After literally decades of dreaming, work, and the more often highlighted—setbacks, the James Webb Space Telescope is finally where it belongs: floating in space.
For a priceless work of technological innovation, it has had its fair share of cost overruns, scandals, delays, malfunctions, and more, even unto its final days on earth, when problems continued to push back the launch date after it had arrived in the spaceport in French Guiana.
However the Arianespace Ariane 5 rocket did its job of carrying the massive telescope to outer space. Off the ground at 7:20 EST on Christmas morning, Webb separated from the rocket 27 minutes later, deployed its huge solar arrays, which operators confirmed were providing the station with power, and began sending telemetry data.
This is all the more remarkable when, paired with its spotty history, one reads what Webb lead mission systems engineer Mike Menzel said at a November 2nd news conference about how there are 344 ways Webb can go wrong, and that 80% of them are during takeoff and separation.
Webb has 144 release mechanisms “which all must work perfectly,” Krystal Puga, Webb spacecraft systems engineer for Northrop Grumman, which built the spacecraft, said during the briefing. That’s a lot, considering one NASA review in 2018 found literally 70 loose screws in the telescope.
All that can be more or less forgotten now, as the observatory floats towards its orbit at the 2nd Lagrange Point at around 1 million miles from Earth.
“The James Webb Space Telescope represents the ambition that NASA and our partners maintain to propel us forward into the future,” said NASA Administrator Bill Nelson. “The promise of Webb is not what we know we will discover; it’s what we don’t yet understand or can’t yet fathom about our universe. I can’t wait to see what it uncovers!”
It’s truly one of the most monumental projects completed in this period of space history, and many YouTube channels dedicated to space and science have 24-hour Webb tracking streams.
Webb carries four ridiculously advanced observation tools, all of which are for detecting infrared light.
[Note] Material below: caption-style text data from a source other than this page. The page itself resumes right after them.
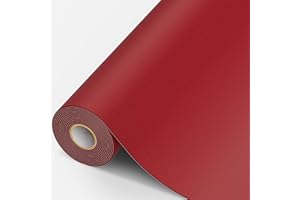 MICTER Pelle Adesiva per Riparazioni, 15x300cm Patch Pelle Adesiva, Toppe per Riparazione Autoadesive per Riparazione per Divano, Sedile Auto, Mobili, Borsa in Pelle, Tappezzeria(Rosso)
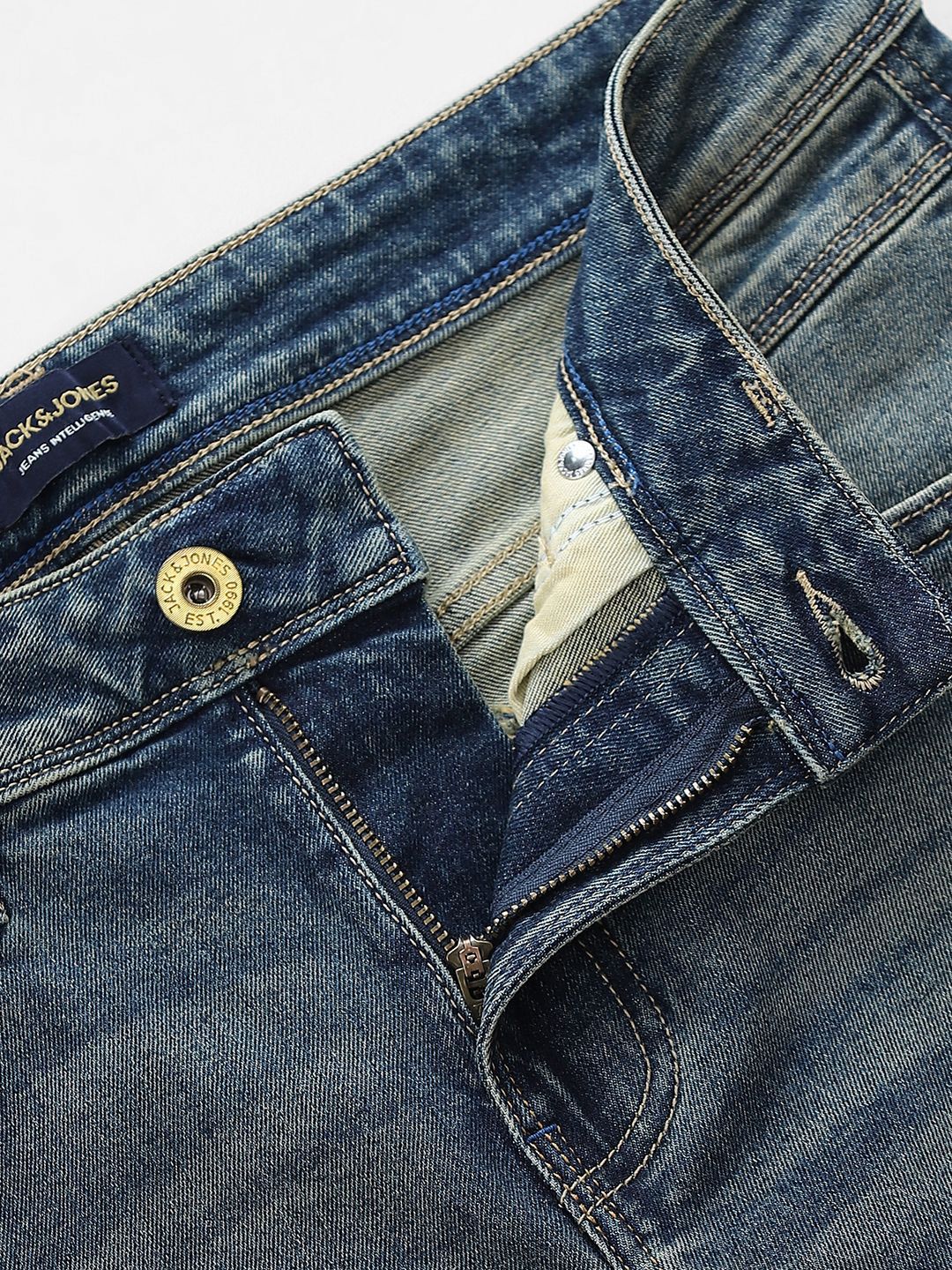 Slim Fit Low-Rise Light Fade Stretchable Jeans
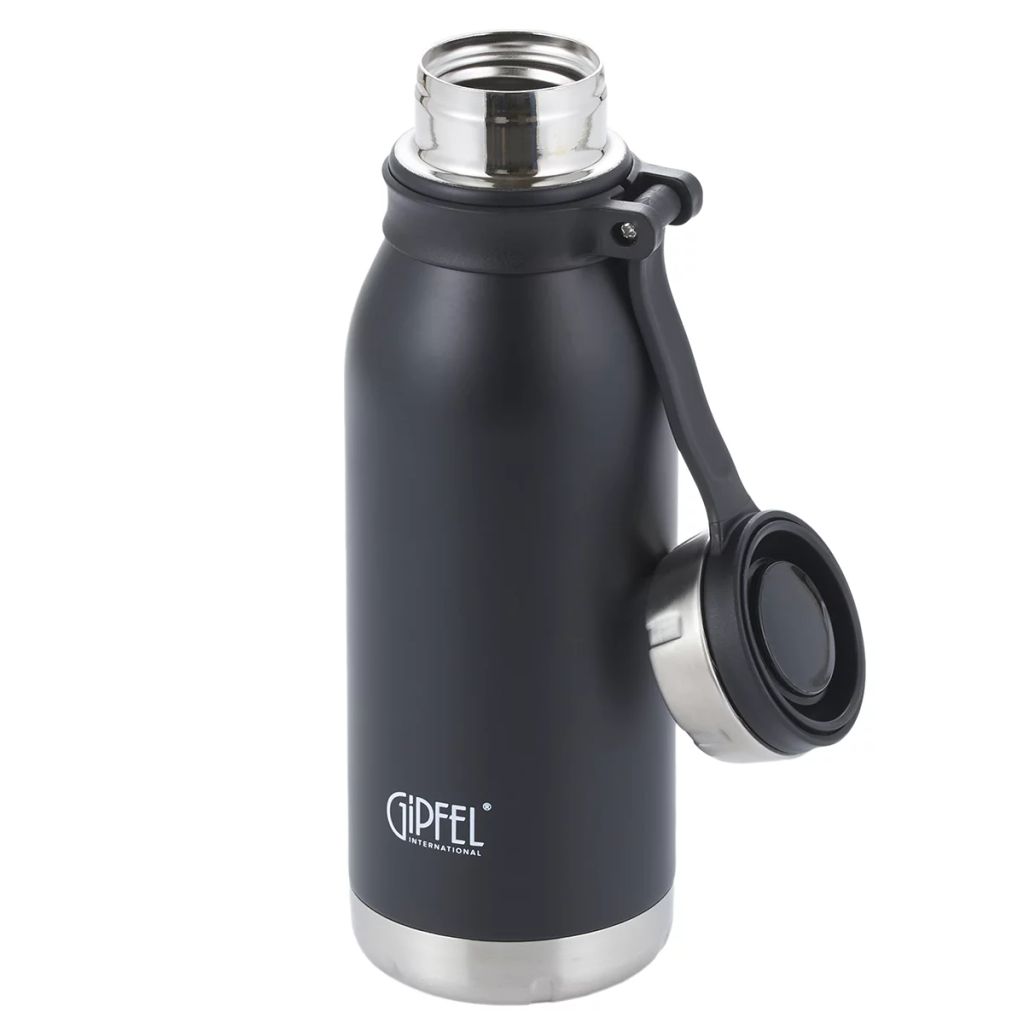 51026 GIPFEL Термос вакуумный DUBLIN 500 мл. Материал: нерж. сталь 304, пластик. Цвет: черный.  фото 2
While this wavelength doesn’t immediately deliver beautiful images in the way the Hubble Space Telescope does, from a scientific research standpoint it was the obvious and only choice for a project of this scale.
All systems (so far) go
After completing two scheduled mid-course corrections, mission control discovered there was significantly more leftover propellant than they had imagined, potentially extending the mission lifespan of Webb beyond a decade by several years. Webb has propellant onboard to make small corrections in its orbit around the second Lagrange point, a far-off yet constant orbit around the Earth.
Once at “L2” as it’s called, propellent will be needed into the 21st century to correct orbital decay and other factors that could push the spacecraft off course.
Webb is currently undergoing a multiple-day, human-controlled deployment of the structural component of its sunshield, a large protective barrier that will allow it to stay cool and avoid glare and other optical impediments to its observations. It will take six days for the onboard motors to extend all the pallet and ballast structures which give the solar shield its stability.
On the 29th, the tower assembly was activated to raise and effectively separate the observatory-portion above from the sun shield below, which will allow room for the shield membrane to deploy.
As of yet there have been no reported problems.
Mysteries in red
“In the early universe, the starlight from galaxies, because of the expansion of the universe, gets stretched to longer wavelengths,” Sarah Kendrew, an engineer and astronomer with the European Space Agency, who worked on the design team for one of the four infrared instruments, told WaL.
“So if we want to see that same light from a galaxy in the early universe, it gets pushed into the infrared because the universe is expanding at such high speed: that’s what we call ‘red-shift’”.
“And so because Hubble can only look a little bit into the infrared, it kind of has reached the limit in distance to what it can really see, and if we want to probe even further to even earlier times in the early universe we need a telescope that can look more into the infrared,” she explained.
It’s not only about obsessing over the birth of the universe, but the infrared observation is designed to capture information on other objects too, particularly exoplanets, and smaller bodies like asteroids and comets.
The next step is to wait an agonizing 6 months while the observatory does a systems check, or “commissioning,” before the first series of images arrive. Unlike Hubble, Webb will likely never be touched or fiddled with again by human hands, and so whatever equipment it has is the only kind it will ever have. If there’s a problem that can’t be solved through telecommunications, it will never be solved.
But if all systems are go, it will represent a watershed moment between scientific study in the previous era and an altogether new one.